Each line of the data below that contains "Miami" must be copied.
─── PROVIDED INFORMATION
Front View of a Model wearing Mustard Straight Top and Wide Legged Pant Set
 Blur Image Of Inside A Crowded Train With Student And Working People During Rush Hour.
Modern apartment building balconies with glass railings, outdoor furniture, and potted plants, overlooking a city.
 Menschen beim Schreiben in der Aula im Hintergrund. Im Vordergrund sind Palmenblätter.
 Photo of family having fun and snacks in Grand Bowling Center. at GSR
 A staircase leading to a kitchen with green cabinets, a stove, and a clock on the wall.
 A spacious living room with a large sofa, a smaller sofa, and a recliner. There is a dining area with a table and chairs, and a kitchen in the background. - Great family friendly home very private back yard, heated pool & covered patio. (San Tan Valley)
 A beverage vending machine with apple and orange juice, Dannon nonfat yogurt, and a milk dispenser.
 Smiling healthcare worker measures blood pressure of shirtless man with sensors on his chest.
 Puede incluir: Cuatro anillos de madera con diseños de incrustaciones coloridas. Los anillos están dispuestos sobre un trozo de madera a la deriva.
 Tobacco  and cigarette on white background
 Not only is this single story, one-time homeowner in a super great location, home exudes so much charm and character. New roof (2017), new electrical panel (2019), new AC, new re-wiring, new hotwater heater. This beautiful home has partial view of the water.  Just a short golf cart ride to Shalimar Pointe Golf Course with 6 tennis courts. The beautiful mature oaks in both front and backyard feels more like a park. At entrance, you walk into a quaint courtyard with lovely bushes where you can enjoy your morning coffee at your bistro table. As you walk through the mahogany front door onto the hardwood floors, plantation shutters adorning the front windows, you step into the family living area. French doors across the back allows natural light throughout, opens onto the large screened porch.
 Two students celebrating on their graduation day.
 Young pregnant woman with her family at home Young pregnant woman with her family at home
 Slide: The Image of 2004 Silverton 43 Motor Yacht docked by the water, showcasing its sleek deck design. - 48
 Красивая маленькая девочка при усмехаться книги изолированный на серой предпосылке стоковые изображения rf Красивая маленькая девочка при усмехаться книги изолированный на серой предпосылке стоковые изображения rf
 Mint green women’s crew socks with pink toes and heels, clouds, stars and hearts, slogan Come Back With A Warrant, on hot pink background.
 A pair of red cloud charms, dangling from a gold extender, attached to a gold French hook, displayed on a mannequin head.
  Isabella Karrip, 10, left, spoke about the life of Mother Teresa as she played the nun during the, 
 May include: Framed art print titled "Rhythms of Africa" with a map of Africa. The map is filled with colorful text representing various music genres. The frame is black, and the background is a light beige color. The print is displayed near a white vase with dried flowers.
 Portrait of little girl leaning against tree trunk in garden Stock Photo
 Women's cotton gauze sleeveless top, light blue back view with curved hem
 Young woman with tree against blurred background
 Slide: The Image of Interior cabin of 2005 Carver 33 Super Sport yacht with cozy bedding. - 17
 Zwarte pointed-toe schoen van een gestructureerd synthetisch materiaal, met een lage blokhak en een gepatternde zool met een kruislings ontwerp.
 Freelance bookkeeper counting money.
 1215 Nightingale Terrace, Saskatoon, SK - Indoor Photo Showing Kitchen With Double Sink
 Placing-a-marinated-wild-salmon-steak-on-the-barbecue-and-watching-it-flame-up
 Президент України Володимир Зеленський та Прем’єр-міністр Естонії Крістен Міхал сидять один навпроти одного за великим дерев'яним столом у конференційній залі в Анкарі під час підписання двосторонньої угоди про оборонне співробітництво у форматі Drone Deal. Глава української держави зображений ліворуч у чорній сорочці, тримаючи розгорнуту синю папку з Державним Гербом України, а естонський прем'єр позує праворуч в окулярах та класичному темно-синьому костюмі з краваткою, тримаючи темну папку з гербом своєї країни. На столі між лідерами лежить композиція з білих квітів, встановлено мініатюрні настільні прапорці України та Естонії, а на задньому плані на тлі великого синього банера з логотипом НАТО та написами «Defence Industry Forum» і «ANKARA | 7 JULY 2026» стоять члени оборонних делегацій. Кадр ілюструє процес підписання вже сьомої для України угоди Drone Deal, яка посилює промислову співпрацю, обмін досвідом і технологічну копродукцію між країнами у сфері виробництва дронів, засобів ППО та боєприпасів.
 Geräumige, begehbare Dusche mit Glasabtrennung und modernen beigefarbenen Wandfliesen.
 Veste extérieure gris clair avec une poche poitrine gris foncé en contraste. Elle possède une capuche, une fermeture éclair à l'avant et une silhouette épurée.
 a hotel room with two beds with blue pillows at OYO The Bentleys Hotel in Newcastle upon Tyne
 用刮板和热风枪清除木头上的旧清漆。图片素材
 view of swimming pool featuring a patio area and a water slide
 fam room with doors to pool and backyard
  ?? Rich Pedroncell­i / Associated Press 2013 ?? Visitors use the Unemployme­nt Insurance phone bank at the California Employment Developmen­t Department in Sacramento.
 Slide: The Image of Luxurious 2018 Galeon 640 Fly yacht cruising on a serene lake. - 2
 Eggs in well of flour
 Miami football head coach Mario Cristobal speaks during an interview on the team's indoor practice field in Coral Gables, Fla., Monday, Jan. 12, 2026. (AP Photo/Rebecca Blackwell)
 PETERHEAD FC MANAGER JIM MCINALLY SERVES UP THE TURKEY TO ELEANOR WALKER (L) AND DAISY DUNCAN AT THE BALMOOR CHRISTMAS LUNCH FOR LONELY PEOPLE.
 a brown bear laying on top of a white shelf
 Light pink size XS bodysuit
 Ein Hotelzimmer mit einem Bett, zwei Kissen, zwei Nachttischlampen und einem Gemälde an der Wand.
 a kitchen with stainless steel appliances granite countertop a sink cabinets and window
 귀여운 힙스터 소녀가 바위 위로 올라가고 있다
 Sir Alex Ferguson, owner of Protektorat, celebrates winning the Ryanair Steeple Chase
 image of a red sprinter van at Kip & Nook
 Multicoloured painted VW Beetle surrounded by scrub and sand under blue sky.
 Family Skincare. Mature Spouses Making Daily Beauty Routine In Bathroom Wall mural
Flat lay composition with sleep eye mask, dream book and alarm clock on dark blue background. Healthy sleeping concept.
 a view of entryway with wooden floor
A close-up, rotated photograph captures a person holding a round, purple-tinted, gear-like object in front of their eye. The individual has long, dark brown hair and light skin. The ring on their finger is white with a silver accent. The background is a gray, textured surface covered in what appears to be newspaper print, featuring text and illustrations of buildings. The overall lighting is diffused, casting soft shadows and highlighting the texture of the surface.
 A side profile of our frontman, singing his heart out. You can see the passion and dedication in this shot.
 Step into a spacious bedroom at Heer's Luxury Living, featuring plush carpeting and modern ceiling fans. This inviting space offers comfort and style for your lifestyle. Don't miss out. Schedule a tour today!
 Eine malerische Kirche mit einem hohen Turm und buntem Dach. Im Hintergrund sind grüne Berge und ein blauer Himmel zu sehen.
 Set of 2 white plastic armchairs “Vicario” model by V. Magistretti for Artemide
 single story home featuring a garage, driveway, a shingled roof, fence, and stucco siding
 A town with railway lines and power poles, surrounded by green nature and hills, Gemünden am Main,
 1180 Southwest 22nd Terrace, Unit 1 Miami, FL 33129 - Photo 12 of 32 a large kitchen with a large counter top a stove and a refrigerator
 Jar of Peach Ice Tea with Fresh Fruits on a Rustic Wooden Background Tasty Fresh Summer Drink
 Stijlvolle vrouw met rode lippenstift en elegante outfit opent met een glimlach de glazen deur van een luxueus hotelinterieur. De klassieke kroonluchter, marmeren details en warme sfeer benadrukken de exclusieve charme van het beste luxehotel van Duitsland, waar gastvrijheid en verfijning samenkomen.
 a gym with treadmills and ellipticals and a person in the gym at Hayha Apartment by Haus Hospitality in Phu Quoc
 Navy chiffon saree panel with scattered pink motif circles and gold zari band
──────
**OUTPUT OF THE EXERCISE**.
 Miami football head coach Mario Cristobal speaks during an interview on the team's indoor practice field in Coral Gables, Fla., Monday, Jan. 12, 2026. (AP Photo/Rebecca Blackwell)
 1180 Southwest 22nd Terrace, Unit 1 Miami, FL 33129 - Photo 12 of 32 a large kitchen with a large counter top a stove and a refrigerator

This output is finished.